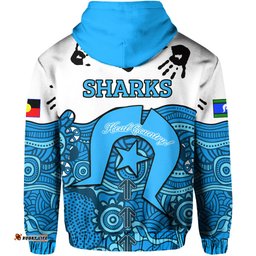 Sharks NAIDOC Week Zip Hoodie Cronulla
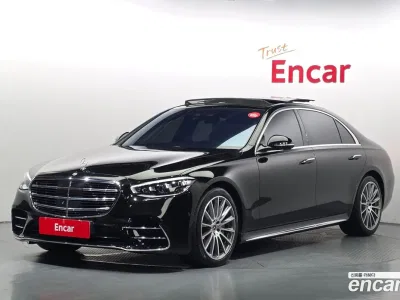 2021 Mercedes-Benz S-Class S500L 4MATIC, фото 1, лот 10523892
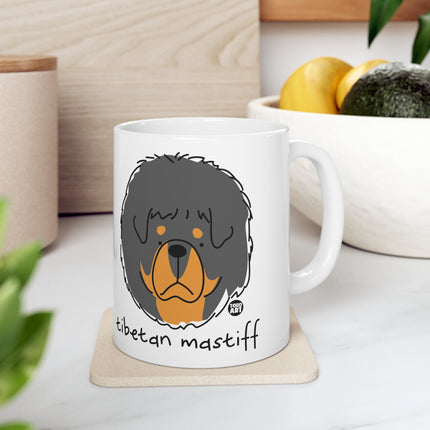 Dog Breeds Tibetan Mastiff Ceramic Mug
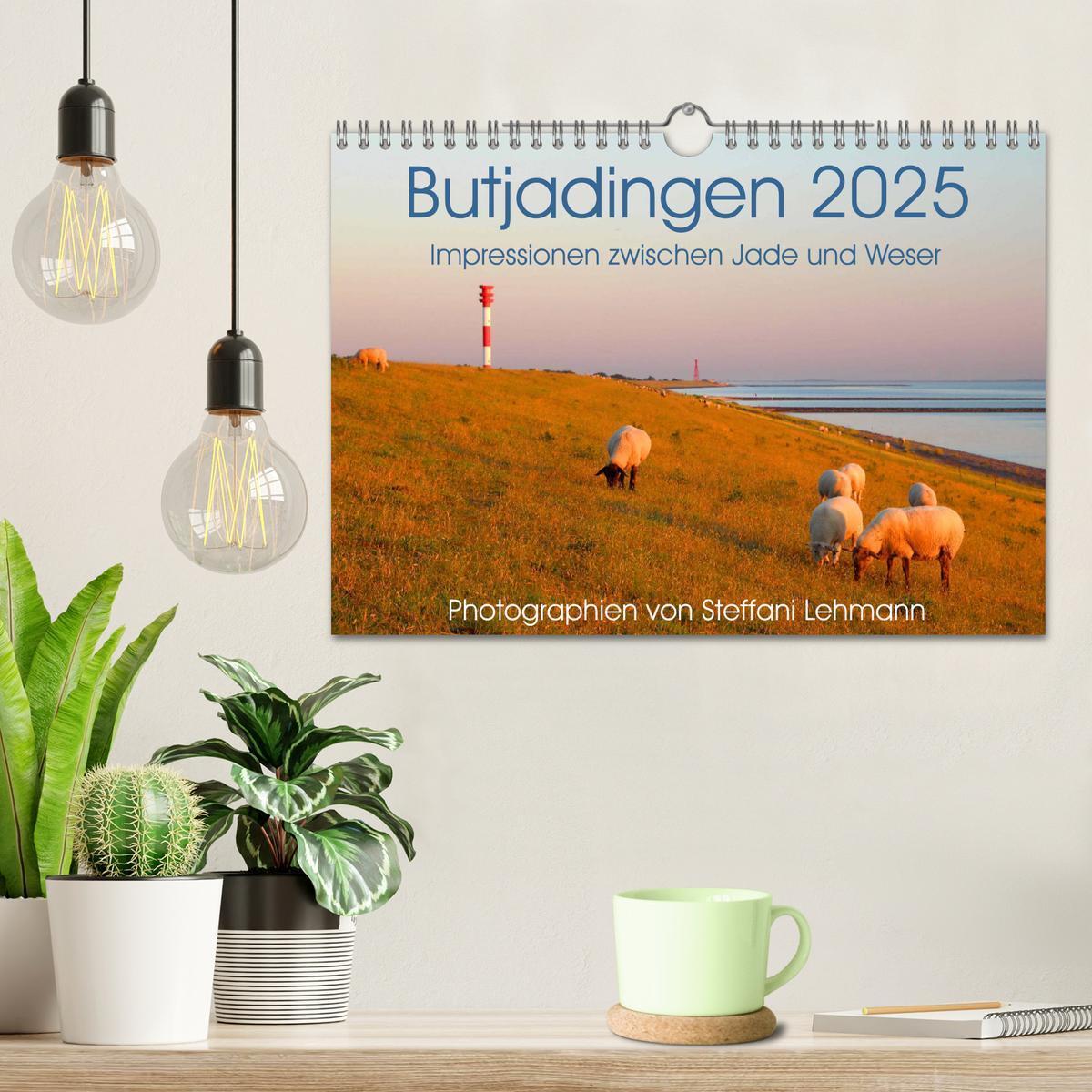 Bild: 9783435713011 | Butjadingen 2025. Impressionen zwischen Jade und Weser...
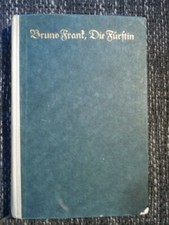Bruno Frank - Die Fürstin -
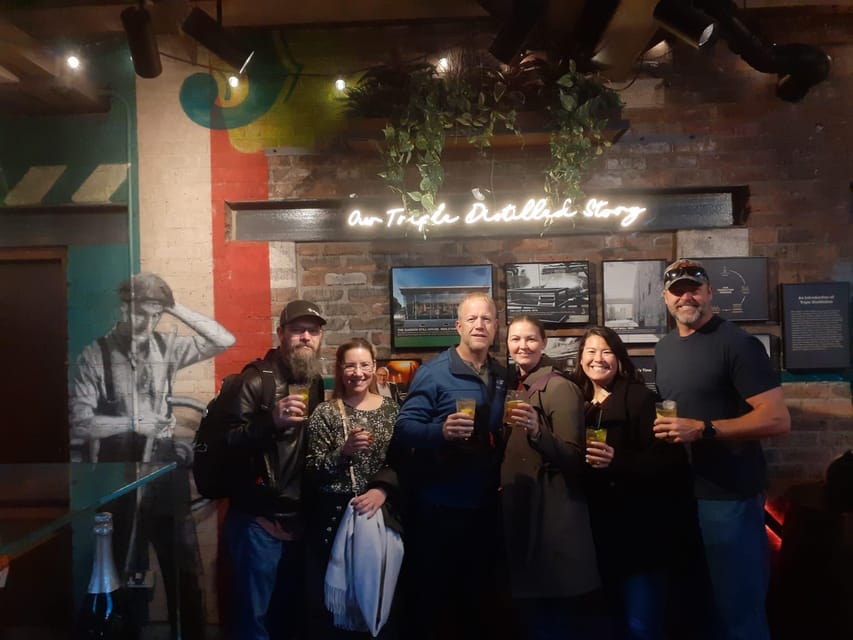 Dublin Food & Drink Walking Tour & Jameson Irish Coffee Demo - A stop at the Brazen Head
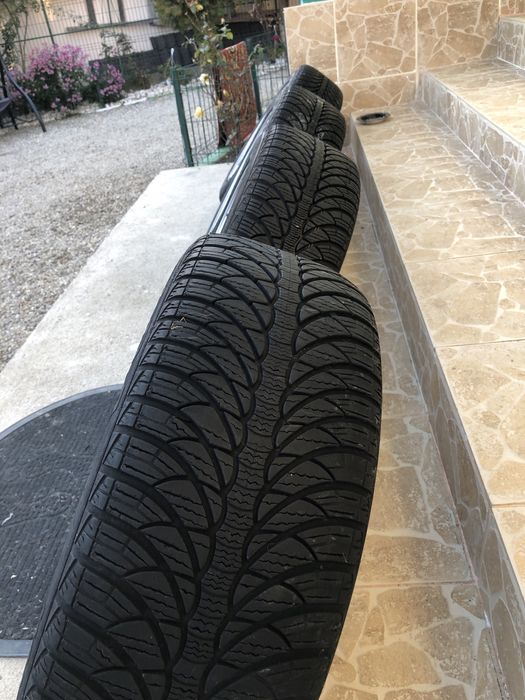 Vand jante Mg 5x120 cu anvelope iarna Fulda 205/55/16 apoape noi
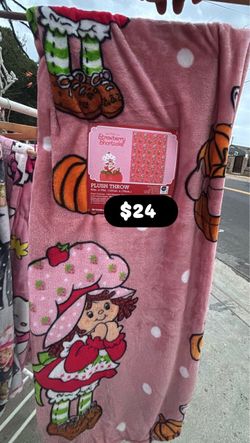 Spooky blankets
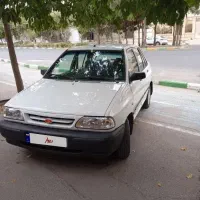 پراید مدل 85 سفید دوگانه کارخانه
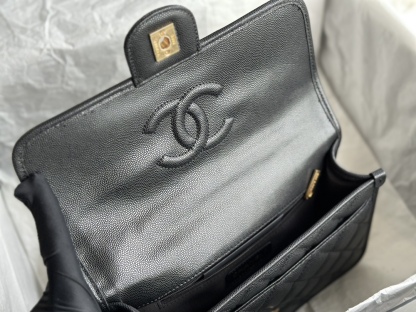 荔枝紋牛皮郵差包/豆腐包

○ ○ ○

(Task objective) Give the data again exactly as written, with no pictures included.

(Answer space)
 Sharks NAIDOC Week Zip Hoodie Cronulla
 2021 Mercedes-Benz S-Class S500L 4MATIC, фото 1, лот 10523892
 Dog Breeds Tibetan Mastiff Ceramic Mug
 Bild: 9783435713011 | Butjadingen 2025. Impressionen zwischen Jade und Weser...
Bruno Frank - Die Fürstin -
 Dublin Food & Drink Walking Tour & Jameson Irish Coffee Demo - A stop at the Brazen Head
 Vand jante Mg 5x120 cu anvelope iarna Fulda 205/55/16 apoape noi
 Spooky blankets
 پراید مدل 85 سفید دوگانه کارخانه
 荔枝紋牛皮郵差包/豆腐包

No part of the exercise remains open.